Si pendant les dernières 25 000 années, l’anchois est resté dominant, les vertèbres – qui se conservent mieux dans le temps –, révèlent toute autre chose de la dernière période interglaciaire. En l’occurrence, « un changement drastique des populations de poissons présentes » avec très peu d’anchois.

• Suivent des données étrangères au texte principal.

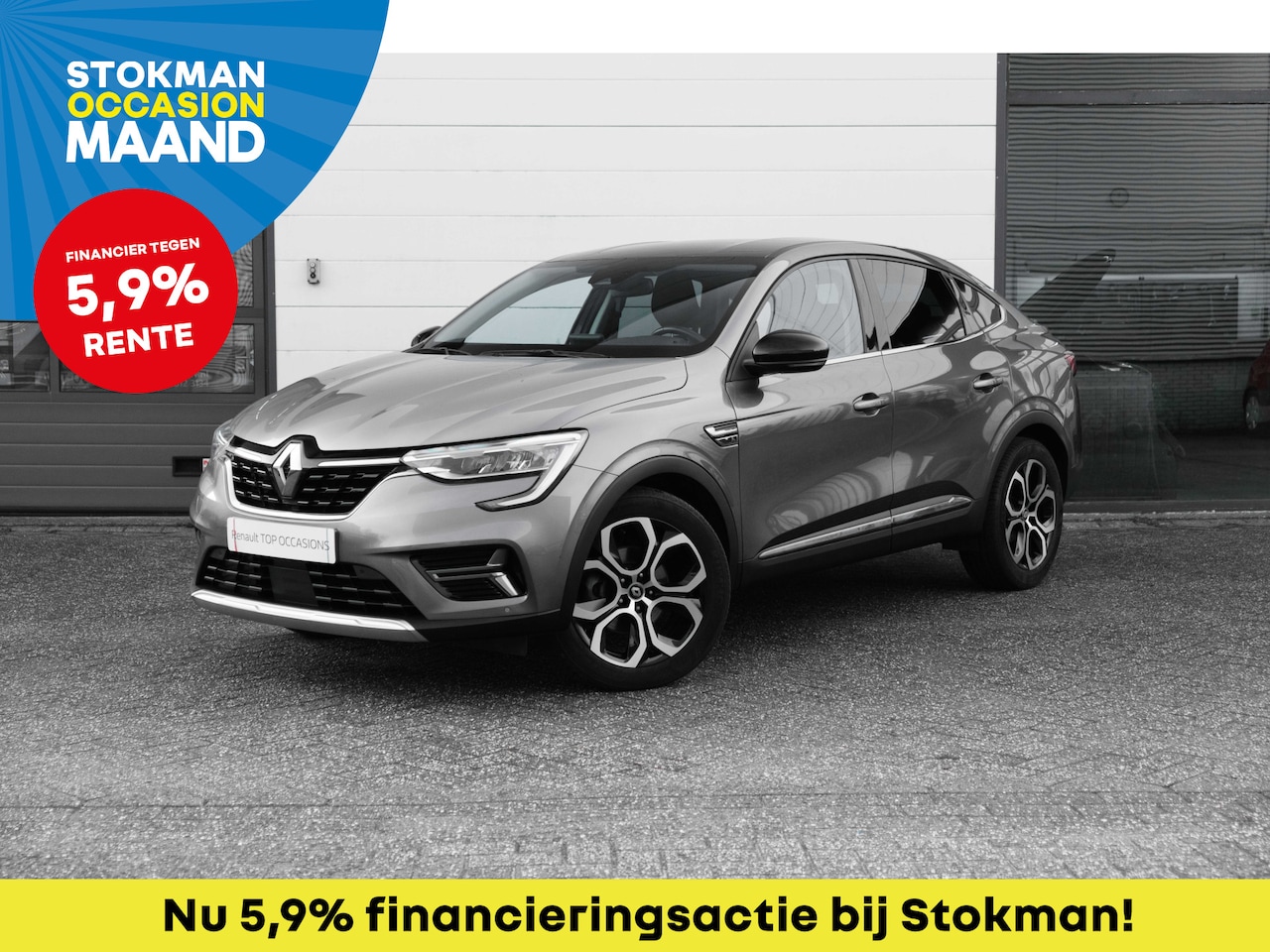Renault Arkana - 1.6 E-Tech Hybrid 145 PK Intens | Dark metal dak | Camera achter | LM Velgen | Sensoren vo - AutoWereld.nl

Environ 60 % des poissons étaient d’autres espèces plus petites, rapporte l’équipe.

Image légendée
Vertèbres de poisson trouvées dans des sédiments marins récupérés au large du Pérou, y compris des vertèbres de gobies (premières photos de la première ligne) et des vertèbres d’anchois (en-dessous) © Renato Salvatteci/université de Kiel

L’écosystème est alors dominé d’une part par des poissons mésopélagiques – de petits poissons de quelques centimètres particulièrement adaptés aux conditions à faible teneur en oxygène comme le Vinciguerria lucetia – et « ce qui a été une vraie surprise, révèle Arnaud Bertrand, par des gobies, une espèce particulièrement négligeable en terme de biomasse actuellement au Pérou »… On imaginait certes moins d’anchois, mais pas une domination de l’écosystème par des espèces de gobies, de tout petits poissons, sans intérêt pour la pêche, souligne-t-il.

Faut-il donc s’attendre, avec le réchauffement climatique, à un bouleversement de la biodiversité marine de cette ampleur ? Et à quelle échéance ? Impossible de le prédire précisément, souligne Arnaud Bertrand, d’autant que les modèles actuels n’intègrent pas la prolifération, dans l’océan, de poissons proches des gobies. 

Ces résultats laissent cependant présager que l’océan pourrait, à l’avenir, ressembler à ce qu’il était pendant le dernier interglaciaire, avec des impacts potentiellement dévastateurs pour la biodiversité et l’approvisionnement mondial en poisson.